I changed the for loop to evaluate the sum of an array with 100000 elements. I evaluated the same sum using the above mentioned methods (compiled with -O3 in clang++) and I have averaged the execution time for 3 methods over 10000 runs. Here are the results:
Average (10000 runs) elapsed time, non-iterator= 2.50183e-05
Average (10000 runs) elapsed time, reverse-iterator= 3.48299e-05
Average (10000 runs) elapsed time, iterator= 7.35307e-05
The results are much more uniform now, and now the non-iterator method is the fastest! Any insights? Or even this result is meaningless and I should do some more test?
the updated code:
#include <iostream>
#include <vector>
#include <chrono>
using get_time = std::chrono::high_resolution_clock;
int main() {
double time1,time2,time3;
int run=10000;
for(int k=0; k<run; k++){
//Read the array elements
std::vector <int> v;
int input,N=100000;
for(size_t i=0; i<N; i++){
v.push_back(i);
}
int sum1{0},sum2{0},sum3{0};
auto start = get_time::now();
for(int i=N-1; i>=0; i--){
sum1+=v[i];
}
auto finish = get_time::now();
auto time_diff=finish-start;
std::cout << "Sum= " << sum1 << " " << "Elapsed time,non-iterator= " << std::chrono::duration<double>
(time_diff).count() << " Seconds" << '\n';
auto start2 = get_time::now();
std::vector <int>::reverse_iterator ri;
for(ri=v.rbegin(); ri!=v.rend(); ri++){
sum2+=*ri;
}
auto finish2 = get_time::now();
auto time_diff2=finish2-start2;
std::cout << "Sum= " << sum2 <<" Elapsed time, reverse iterator= " << std::chrono::duration<double>
(time_diff2).count() << " Seconds" << '\n';
auto start3 = get_time::now();
std::vector <int>::iterator i;
for(i=v.end()-1; i>=v.begin(); i--){
sum3+=*i;
}
auto finish3 = get_time::now();
auto time_diff3=finish3-start3;
std::cout << "Sum= " <<sum3 << " Elapsed time, iterator= " << std::chrono::duration<double>
(time_diff3).count() << " Seconds" << '\n';
time1+=std::chrono::duration<double>(time_diff).count();
time2+=std::chrono::duration<double>(time_diff2).count();
time3+=std::chrono::duration<double>(time_diff3).count();
}
std::cout << "Average (" << run << " runs)" << " elapsed time, non-iterator= " << time1/double(run) <<'\n';
std::cout << "Average (" << run << " runs)" << " elapsed time, reverse-iterator= " << time2/double(run) <<'\n';
std::cout << "Average (" << run << " runs)" << " elapsed time, iterator= " << time3/double(run) <<'\n';
return 0;
}
Related
I'm trying to write a simple single header benchmarker and I understand that std::clock will give me the time that a process (thread) is in actual use.

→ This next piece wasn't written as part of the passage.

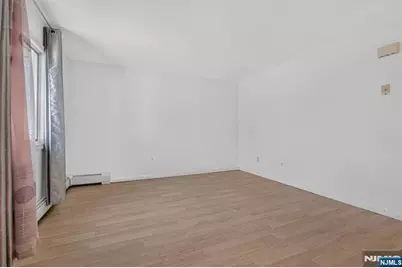81 Home Place, Lodi, NJ 07644 - Photo 17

So, given the following simplified program:
nt main() {
using namespace std::literals::chrono_literals;
auto start_cpu = std::clock();
auto start_wall = std::chrono::high_resolution_clock::now();
// clobber();
std::this_thread::sleep_for(1s);
// clobber();
auto finish_cpu = std::clock();
auto finish_wall = std::chrono::high_resolution_clock::now();
std::cerr << "cpu: "
<< start_cpu << " " << finish_cpu << " "
<< (finish_cpu - start_cpu) / (double)CLOCKS_PER_SEC << " s" << std::endl;
std::cerr << "wall: "
// << FormatTime(start_wall) << " " << FormatTime(finish_wall) << " "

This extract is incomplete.